#### Information shown ####

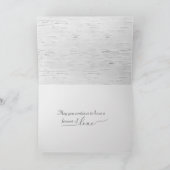 Gelukkig Jubileum op berkenboomrol Kaart (Binnen)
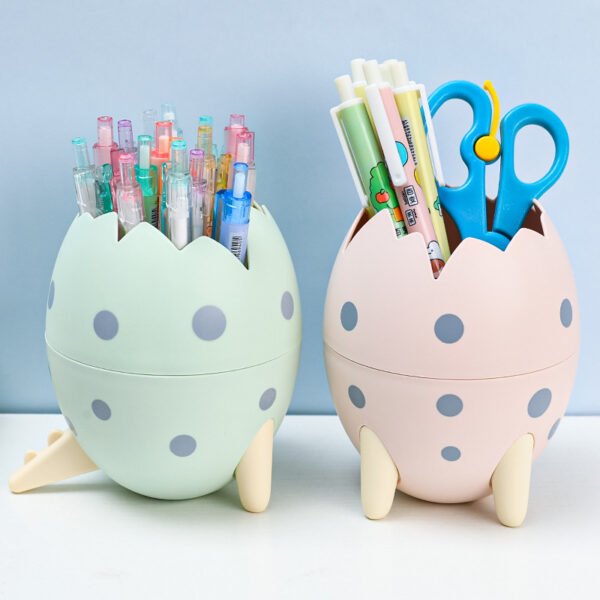 Dinosaur Egg Pen Holder, Stylish Desk Organizer, DIY Stationery Pen Container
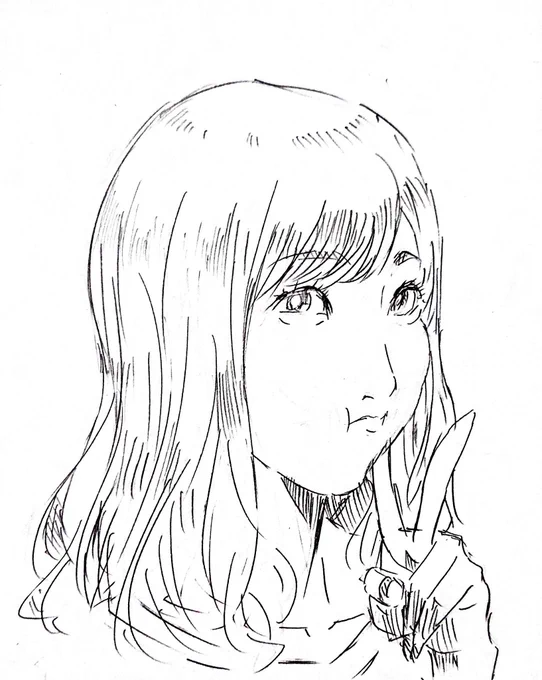 今描いたうっちーと昔描いたうっちーと懐かしいやつ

####

Problem to work on: Everything in the material above should be reproduced exactly, except the pictures.

Output for this task:
 Gelukkig Jubileum op berkenboomrol Kaart (Binnen)
 Dinosaur Egg Pen Holder, Stylish Desk Organizer, DIY Stationery Pen Container
 今描いたうっちーと昔描いたうっちーと懐かしいやつ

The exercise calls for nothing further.